Delays Due to Zoning
A major hold up has been due to delays created by municipalities when it comes to deciding upon local regulation and zoning laws. In some places, local law is not expected to be finalized until September. At this point, the marijuana business owner may apply for local permits. Once approved, they may move on to applying for the appropriate state recreational marijuana license. Like some other industries such as universities and gaming, a Host Community Agreement will need to be signed. The paperwork for the agreement will involve estimating how much the local industry will cost the area in police, signs, traffic lights and any other area of impact. This is a process unto itself that can take some time to finalize. Until a local permit is received, the details for this agreement cannot even begin to be discussed.
Cannabis Ban Extensions
On top of this, Attorney General Maura Healey has allowed some municipalities the power to extend the ban on marijuana. Places that had a majority of voters against legalizing the plant can extend the ban on marijuana until June 19th, creating more delays for some. Some businesses have had to close due to the high cost associated to making it through all of the delays. For those with a medical marijuana license and a lot of funding, the process has been easier. For businesses on hiatus as they wait, paying rent and other costs, the toll has been heavy and in some cases disabling.
Distribution of Licenses
Although the first cultivation license was given to Milford’s Sira Naturals and the first retail license has now been distributed to Cultivate Holdings in Leicester, there are still many more applications and marijuana business owners who have been working to become part of the industry.
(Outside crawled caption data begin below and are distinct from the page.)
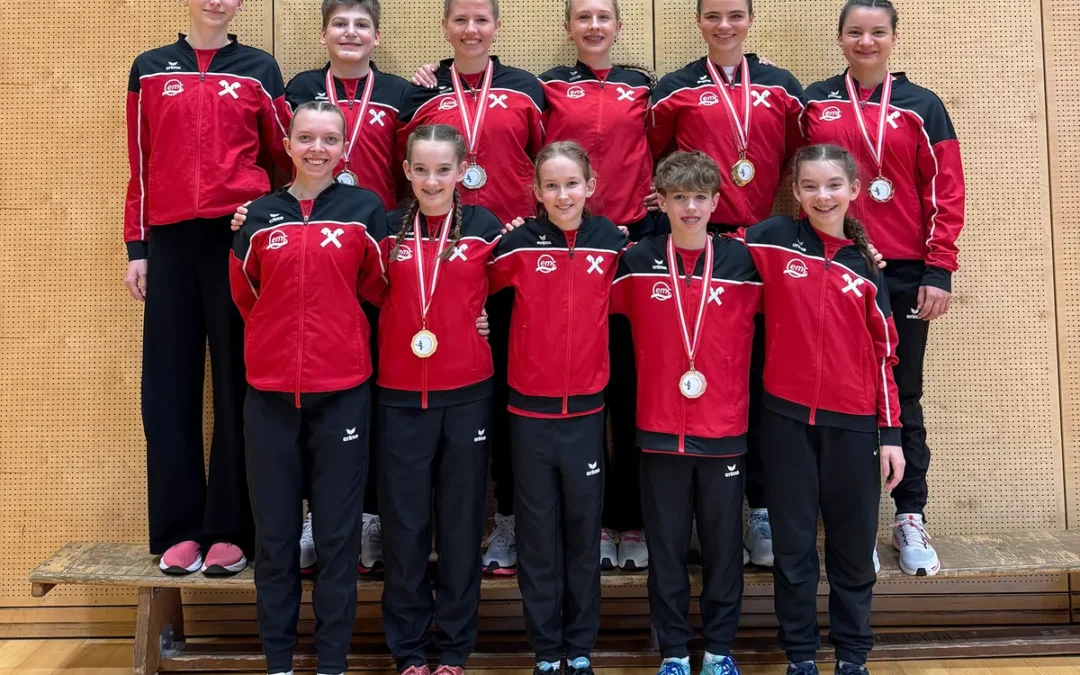 RS Spring Cup 2026 Graz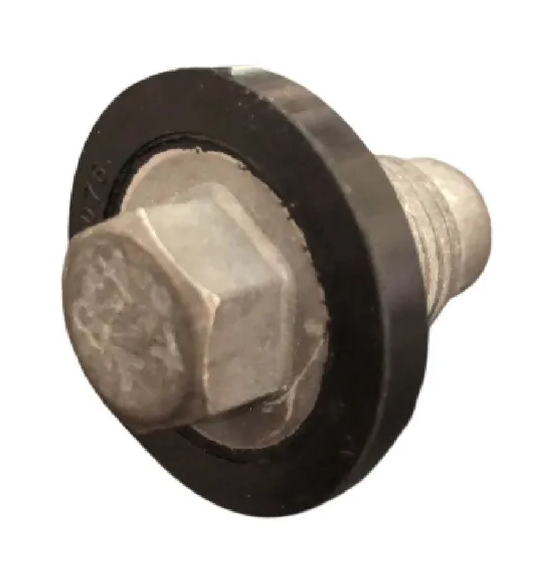 Bujão do cárter - FIAT - K06513414AA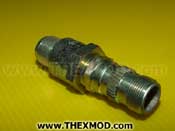 Plug - Spark - 1/2 IN -12 Screen - SR1 / EV1194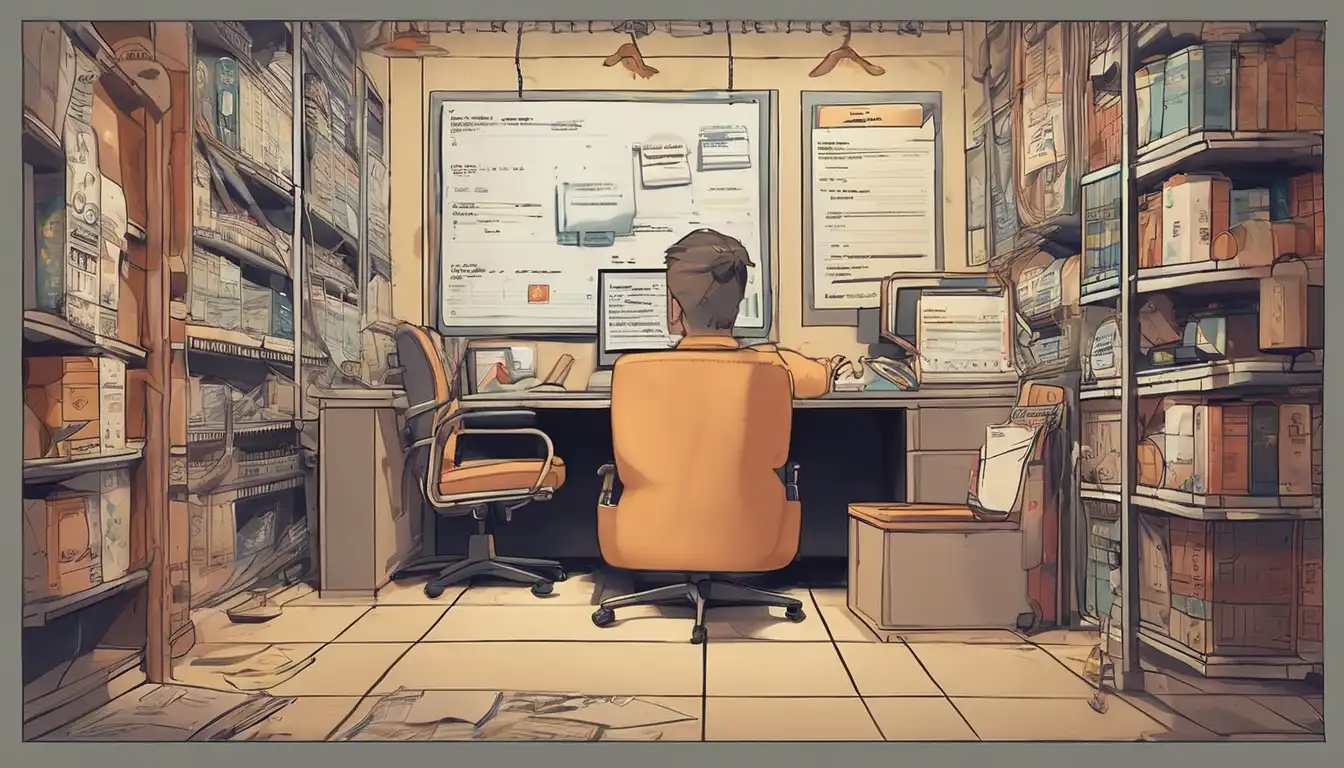 How to Create and Stick to a Monthly Budget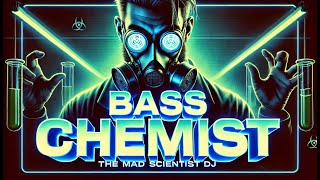 Cisplatin 💥⚗️  Ultra Bass  EDM  Psytrance  Psydub  PHAAAAT BEATS 🎵 [upl. by Elamef479]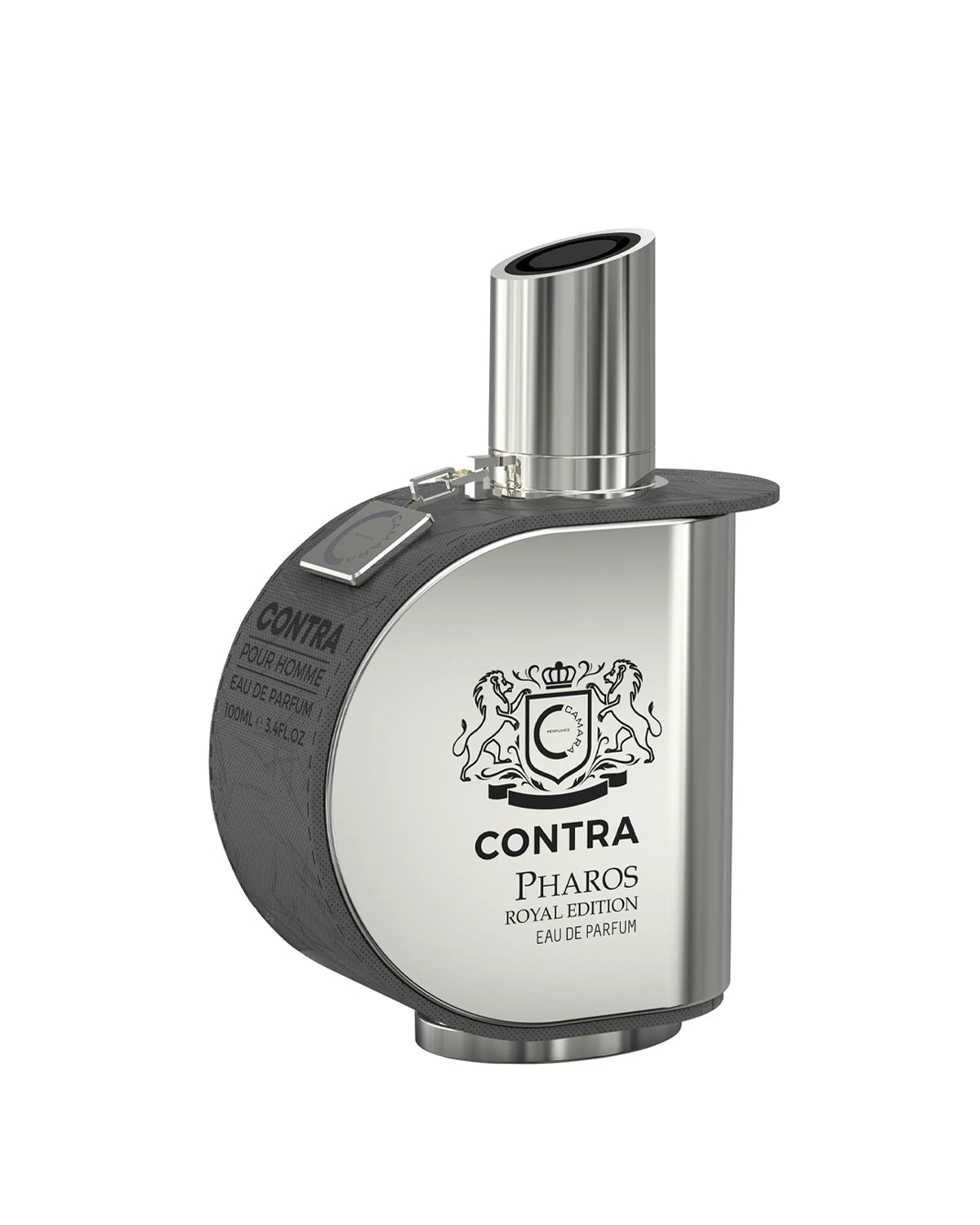 Contra Pharos Royal Edition (Pour Homme) - 100ML EDP BY camara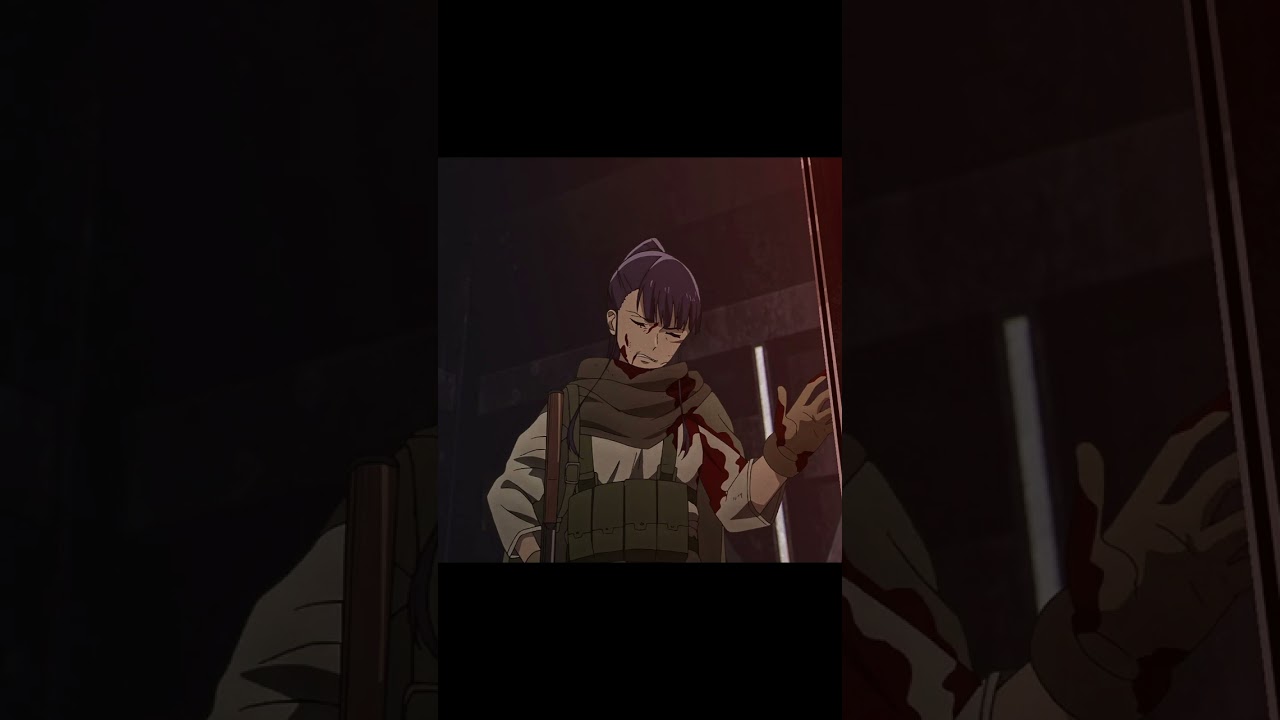 NieR: Automata Ver1.1a [ Mendum - Save Myself ] #anime #amv #ar1d #shorts #short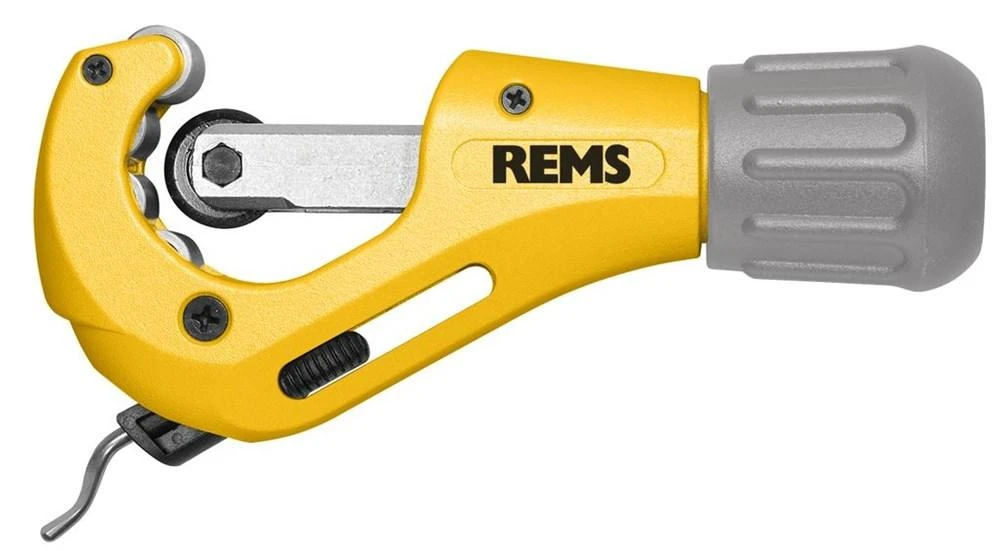Vamzdžių pjaustiklis REMS RAS Cu-INOX 3-35 S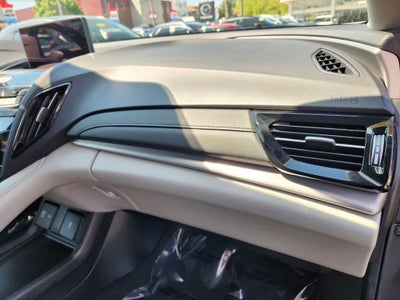 2020 Acura RDX Technology Package SH-AWD
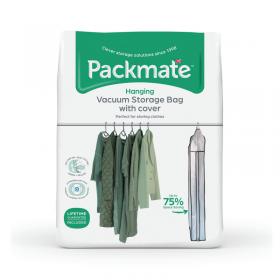 Packmate Hanging Vacuum Storage Bag C40971 PKM13832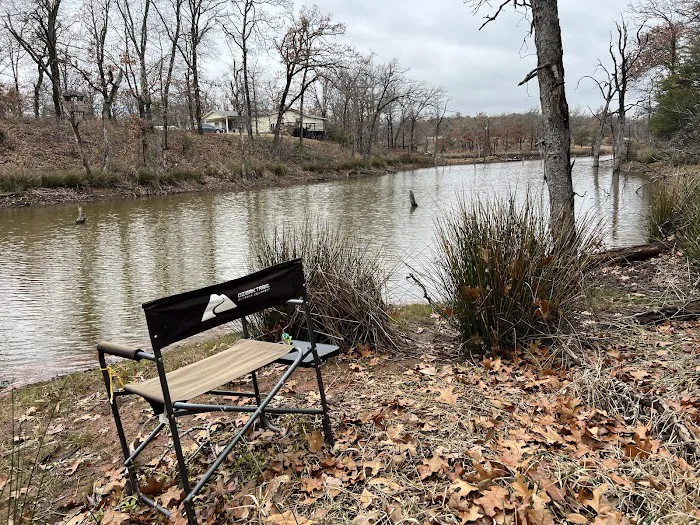 Hickory Creek RV Park Picture 4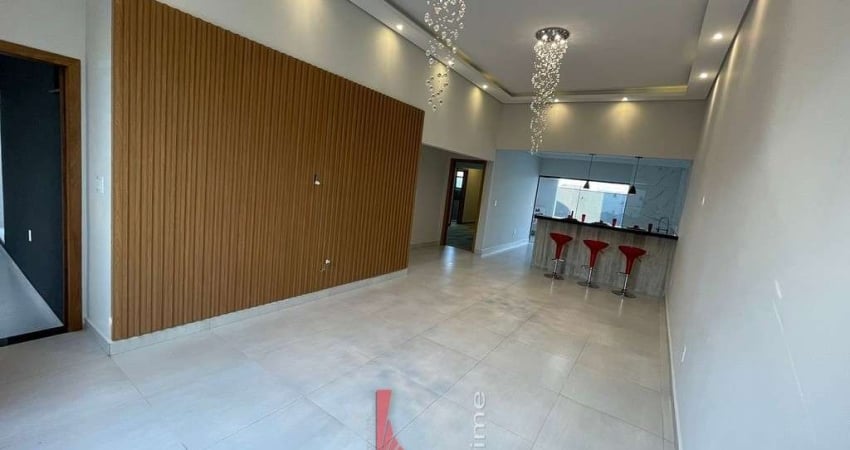 Casa com 3 quartos à venda no Jardim Vista Alegre, Bragança Paulista 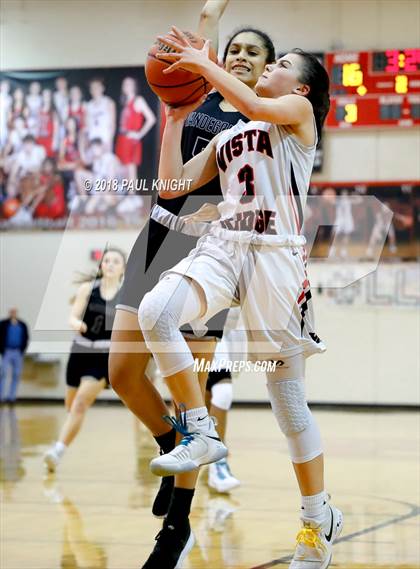 Thumbnail 3 in Vandegrift @ Vista Ridge  photogallery.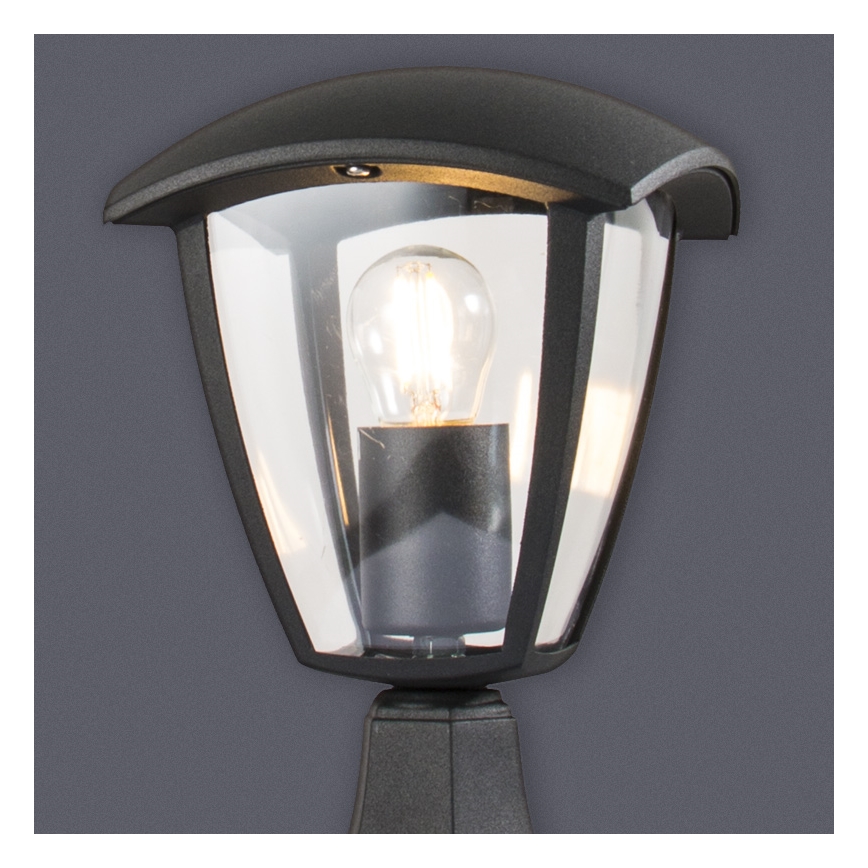 Brilagi -  LED Vanjska lampa LUNA 1xE27/60W/230V IP44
Yet no licenses have been distributed to testing labs. Under the state law, all recreational marijuana has to be tested before being distributed and sold. Massachusetts’ Cannabis Control Commission have now made the distribution of a testing license its top priority.
Right now, residents can legally possess up to an ounce of the flower and 5 grams of concentrate. It is legal to grow the plant and have up to 10 ounces at home as long as it is securely locked up. While it is still not available to buy from any retail outlets, the state is committed to having the industry up and running as soon as possible. Forward movement for the industry and its infrastructure only seems to be a matter of time.